Ethical Leadership in Africa- Lessons From African Americans

Dr. Martin Luther King
Dr. Martin Luther King

If Africa’s greatest deficit is its dearth of moral leadership for social transformation, it is fitting to ask how such an enormous challenge might be taken up in small steps. Which hero’s and role models can we hold forward to inspire ethical conduct amongst our leadership? Can Africa learn something from the example of African Americans?

Firstly there should be a global consciousness about the project of ethical leadership itself, something so aptly done by someone like Martin Luther King, Jr. in his later years.

In deliberating about the prospects for a new cadre of ethical leaders to emerge in American society, Walter Fluker (2009), who once headed the Leadership Centre at Morehouse College in Atlanta, Georgia, says that, ‘the issue at stake is how we might learn from traditions that have provided hope and a sense of community in the past in order to refashion and inspire a vision for the future.’

He proceeds to develop a model for integrity development based on the use of narrative, or story. If we accept that a good case study should read like a good story, it can be a most useful medium or tool for teaching ethics.

One example would be the current President of the United States, who has openly acknowledged his debt to the black church tradition and the influence of Martin Luther King, Jr. on his own life. Excitement and controversy is unavoidable when the name Barack Obama arises, but he is still a good subject of discussion for leaders-in-training.

Women, children and other disadvantaged groups in society have traditionally been excluded from power structures and have not been valued for contributing to knowledge production. Unequal power relations will continue to dominate university establishments until it becomes clear that epistemology is political in nature and is not about facts and figures for their own sake.

Focused study and reflection on ethical leadership should involve teachers ‘bending over backwards’ to ensure that all marginalised voices and relevant interests are taken into consideration. This presupposes a democratic principle where the values of tolerance, respect and mutuality are promoted through ‘social negotiations’ among participants

If one studied the Civil Rights movement, particular attention will have to be paid to the role of patriarchal hierarchies where women were mainly confined to secondary roles and where those with differing opinions were often strictly sanctioned. An exception might have been the case of Rosa Parks who became known as the ‘the first lady of civil rights’ or the ‘mother of the freedom movement’ when she triggered the fight against race discrimination.

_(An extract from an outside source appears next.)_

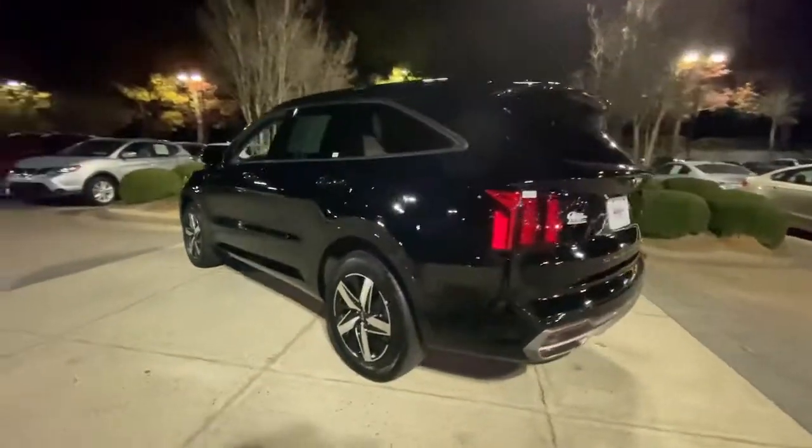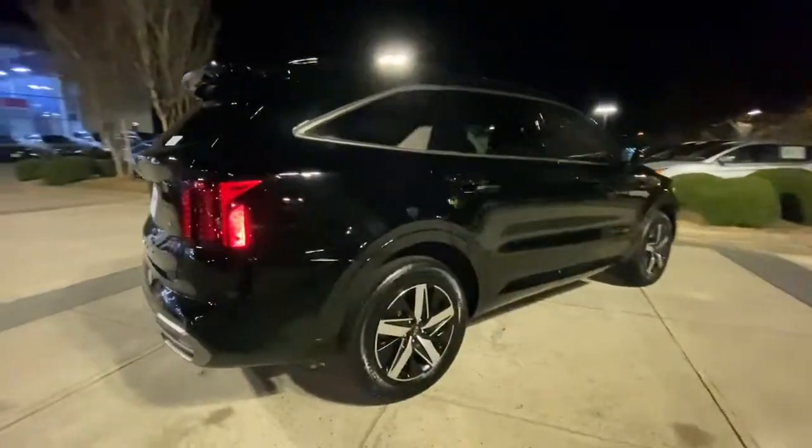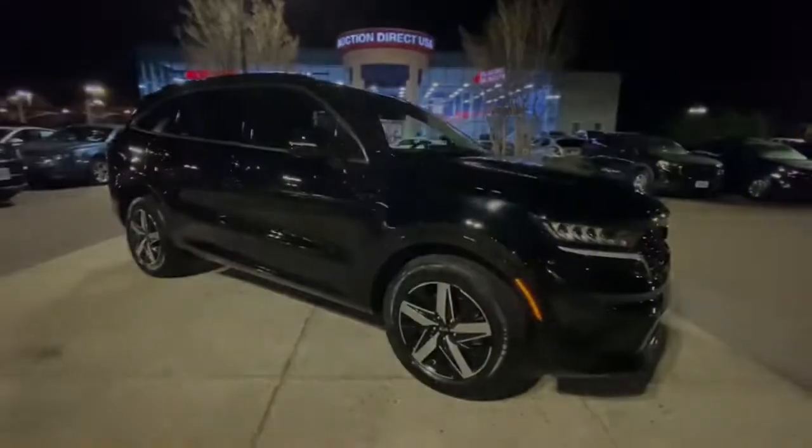These are just some of the great options this vehicle comes with: keyless entry, backup camera, remote engine start, fog lamps, satellite radio, heated mirrors, and keyless start.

The challenge posed by someone like Marable Manning (1998) will also be critical, as for him, it might involve African Americans being able ‘to move away from the charismatic, authoritarian leadership style and paternalistic organisations toward the goal of “group-centred leaders” and grassroots empowerment.’ There is also the question of the extent to which ethical leadership demands placed on Black leaders usually include political compromises with the expectations and hopes cherished by others (Whites).

In Martin Luther King’s case, there seems to have been deliberate pressures to foreground the influence of Western philosophical influences in his thinking to the detriment of African American scholars and preachers, and this extended to his initially muted criticism of American involvement in the Vietnam War.

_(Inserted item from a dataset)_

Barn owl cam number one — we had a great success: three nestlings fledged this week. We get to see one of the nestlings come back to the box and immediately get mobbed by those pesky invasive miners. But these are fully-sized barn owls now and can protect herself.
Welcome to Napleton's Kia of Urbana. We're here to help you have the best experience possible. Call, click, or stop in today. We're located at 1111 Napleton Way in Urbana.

This dilemma seems to have been revisited upon Obama in his efforts to secure the Presidential nomination at the Democratic Party National Convention when he was accused by Jesse Jackson, a Civil Rights leader, of ‘talking down’ to African Americans.

The adoption of a power tactic or peaceful means in confronting manifestations of evil in the world is associated most prominently with a trio of ethical leaders: Martin Luther King, Nelson Mandela and Marcus Garvey, who each constituted a movement of liberation in his respective time.

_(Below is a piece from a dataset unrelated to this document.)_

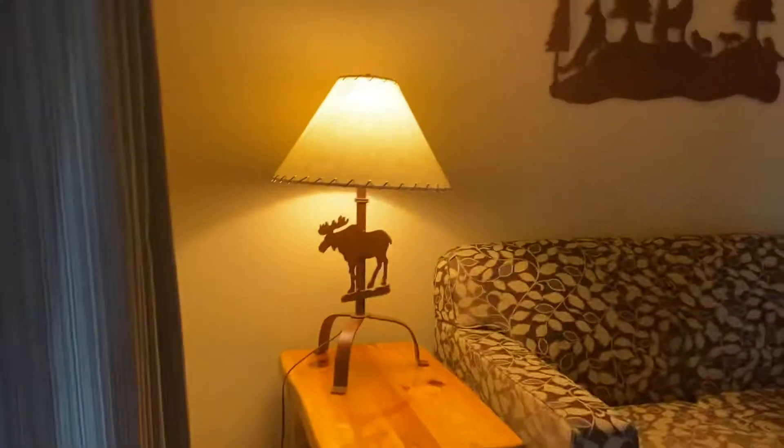Nice lamp. Stuff. Cart thingy. TV. Even got a mini fridge and a microwave.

There were remarkable differences between the famous trio, but they share the same method of confronting systemic injustice, and the underlying moral structure of their universe is worth understanding. Teaching leadership on the African continent can become an exercise of hope when we learn from those who inspire us and if we direct ourselves towards those who have shown us the way of how to get to the top. It will also teach us to do our best when we are in leadership positions, and know when it’s time to walk away from power when our time is up.

Daryl Balia, Division Head, Governance and Corruption Division, ISS Cape Town.